Prokurator, która chciała wsadzić do więzienia M. Kamińskiego z CBA, sama dostała 6 lat za branie łapówek!
http://niewygodne.info.pl/artykul9/04774-Prokurator-od-sprawy-Kaminskiego-skazana.htm
"Ta historia jest jednak niesamowita - Anna H. była szefem Prokuratury Apelacyjnej w Rzeszowie. Przypomnijmy - to ona nadzorowała tworzenie aktu oskarżenia przeciwko szefowi CBA Mariuszowi Kamińskiemu. To jej podlegała prokuratura, która wymyśliła, że skuteczna prowokacja korupcyjna wobec przekupnych urzędników nosi znamiona przestępstwa. Kto by się wówczas spodziewał, że wkrótce sama zostanie oskarżona o wzięcie 170 tys. zł łapówek, sąd dyscyplinarny usunie ją z zawodu prokuratora, a sąd powszechny skaże ją na 6 lat bezwzględnego więzienia!
Anna H., która za czasów PO-PSL była szefem Prokuratury Apelacyjnej w Rzeszowie, miała swego czasu potężną władze i wpływy. To ona nadzorowała tworzenie aktu oskarżenia przeciwko szefowi CBA Mariuszowi Kamińskiemu. To ona we wrześniu 2010 roku z dumą stwierdziła dla Gazety Wyborczej: "Skierujemy akt oskarżenia przeciwko Mariuszowi Kamińskiemu i innym osobom. Taki jest plan rzeszowskiej prokuratury okręgowej". Kto by się wówczas spodziewał, że swoją władze i wpływy wykorzysta również w przestępczych celach...
Okazało się bowiem, że Anna H., niedługo po tym jak ogłosiła plany wobec Mariusza Kamińskiego, sama usłyszała zarzuty w sprawie popełnienia sześciu przestępstw dotyczących korupcji, przekroczenia uprawnień oraz oszustwa.
Od Mariana D., głównego bohatera afery podkarpackiej (skazanego na 4 lata bezwzględnego więzienia), Anna H. miała wziąć 170 tys. zł łapówki. Zdaniem prokuratury była szefowa rzeszowskiej apelacji miała również używać swoich wpływów na przebieg prokuratorskich śledztw.

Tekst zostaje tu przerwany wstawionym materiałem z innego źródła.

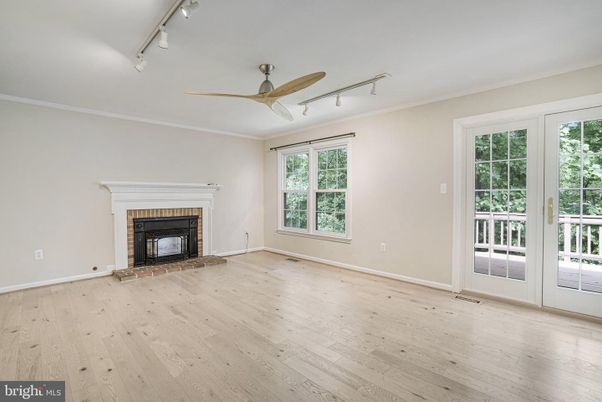 Empty room, Fireplace, Interior, Wood Texture Flooring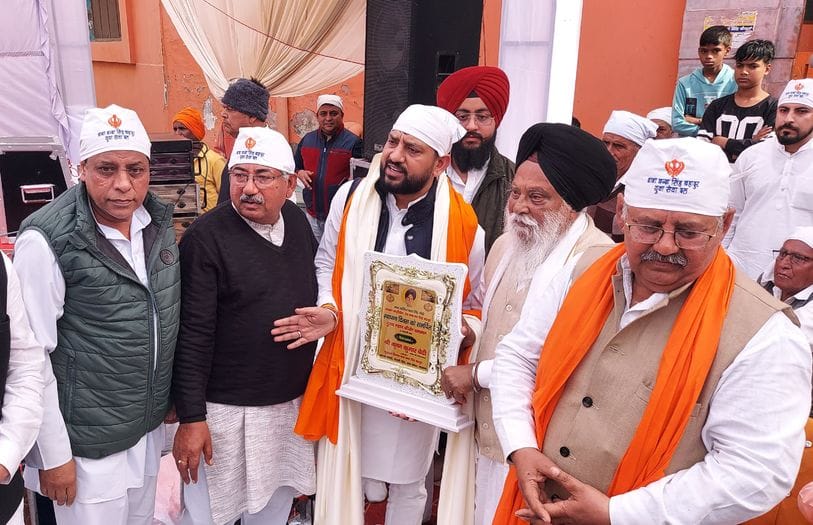 Kirtan congregation held on the occasion of second foundation day of Gurudwara Tikana Baba Banda Singh Bahadur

Inne zarzuty dotyczyły tego, że dwóm osobom załatwiła pracę w Prokuraturze Regionalnej w Rzeszowie, sfałszowała dokumenty, by dostać 350 tys. zł pożyczki z Ministerstwa Sprawiedliwości, jak również obiecywała awans prokuratorowi, jeżeli ten uchyli grzywnę nałożoną na biegłego.
Sąd Rejonowy w Tarnowie, który rozpatrywał oskarżenie Anny H., nie miał wątpliwości. Była szefowa Prokuratury Apelacyjnej w Rzeszowie za czasów PO-PSL została uznana winną wszystkich 6 przestępstw wskazanych w akcie oskarżenia (sąd zakwestionował jedynie wysokość łapówki uznając, że przyjęła 67 a nie 170 tys. zł). Wyrok? - 6 lat bezwzględnego więzienia, 5 tys. zł grzywny oraz 10-letni zakaz wykonywania zawodów prawniczych.
– "Kara jest adekwatna do wysokiego stopnia szkodliwości czynu. Oskarżona wykorzystała pełnioną funkcje, nadużyła zaufania i nie okazała żadnej skruchy. Sąd liczy, że taki wymiar kary skłoni oskarżoną do tego, aby przemyślała swoje zachowanie i wyciągnęła wnioski" – mówiła w uzasadnieniu sędzia Małgorzata Adamczyk.
Co istotne - wyrok nie jest jeszcze prawomocny. Adwokat Anny H. zapowiedział, złożenie apelacji.
Powstaje pytanie - czy to przypadek, że do walki z Mariuszem Kamińskim, słynącym z bezwzględności wobec korupcji i innych patologii zżerających od środka III RP, zaciągnięto osobę, która sama miała brać łapówki, w zamian za obietnice pomocy w sprawach skarbowych czy prokuratorskich?"